Le changement climatique pose un autre défi, car des solutions toutes faites imposées par les pays développés seront inefficaces dans les pays en développement, a expliqué M. Zoellick. « Les mesures de lutte contre les changements climatiques peuvent aller de pair avec la croissance et inciter les pays en développement à se rallier à un modèle sobre en carbone – mais à condition qu’elles ne leur lient pas les mains. » a-t-il précisé. « Les pays en développement ont besoin d’aide et de moyens financiers pour investir dans une croissance plus propre. Pas moins de 1,6 milliard de personnes sont privées d’accès à l’électricité. Le défi à relever est de faciliter l’évolution vers des sources d’énergie moins polluantes sans compromettre l’accès, la productivité et la croissance nécessaires pour arracher des centaines de millions de personnes à la pauvreté. »

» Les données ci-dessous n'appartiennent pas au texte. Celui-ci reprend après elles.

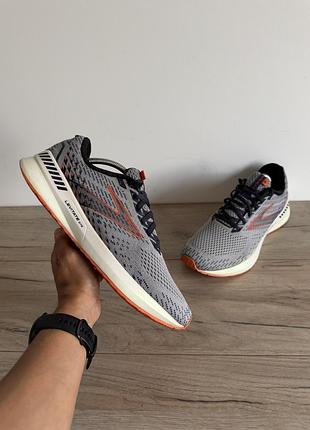 Кросівки brooks levitate 5 оригінал
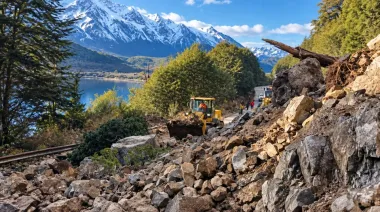 Derrumbe en la Ruta 40: corte total entre Bariloche y El Bolsón por rocas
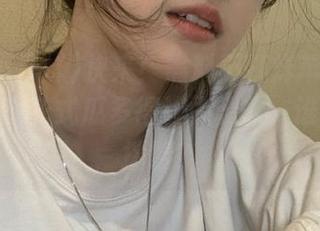 快来！黑料不打烊苹果版下载，听说花式瓜多得让人腿软，谁来帮我撑腰？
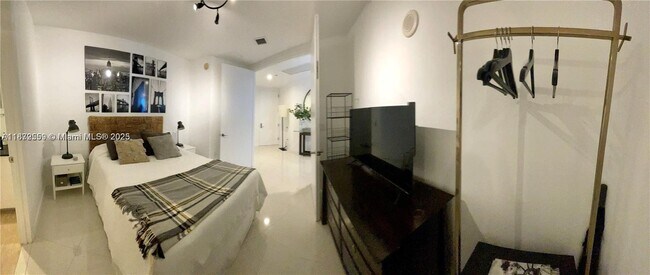 Building Photo - 15811 Collins Ave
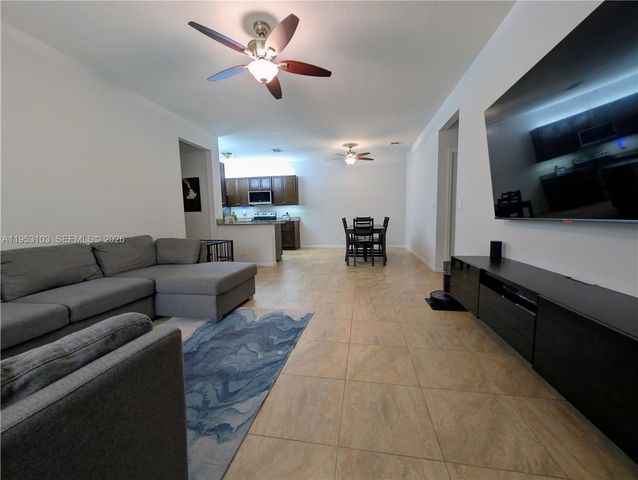 3561 Forest Hill Blvd 80, Palm Springs, FL 33406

La réponse aux crises est un troisième domaine dans lequel les idées anciennes ne s’appliquent plus et où les intérêts des pays en développement doivent être davantage pris en considération. « Dans un monde en mutation, le danger est que les pays développés privilégient les réunions au sommet consacrées aux systèmes financiers ou qu’ils se focalisent sur les problèmes de gestion de pays développés comme la Grèce », a déclaré M. Zoellick. « Prêter l’oreille aux problèmes des pays en développement n’est plus une simple question de charité ou de solidarité : il y va de notre propre intérêt. Ces pays sont aujourd’hui des moteurs de croissance et des importateurs de biens d’équipement et de services produits par les pays développés. »

L’évolution de l’économie mondiale et du système multilatéral a des conséquences importantes pour la Banque mondiale, a déclaré M. Zoellick. Le développement se décline aujourd’hui en plusieurs axes - Nord-Sud, mais aussi Sud-Sud et Sud-Nord. La Banque mondiale doit poursuivre une politique de réforme permanente pour s’adapter rapidement au changement afin de mieux répondre aux besoins des pauvres dans les pays en développement. À ses réunions de printemps, l’institution compte annoncer sa décision d’accorder un minimum de 47% des droits de vote aux pays en développement et de procéder à une augmentation de capital - la première depuis plus de 20 ans - pour consolider une situation financière qui lui a permis de fournir plus de 100 milliards de dollars d’aide financière depuis juillet 2008. Elle compte également élargir l’accès à l’information et améliorer ses politiques de prêt dans le cadre du programme de réforme le plus ambitieux de toute son histoire.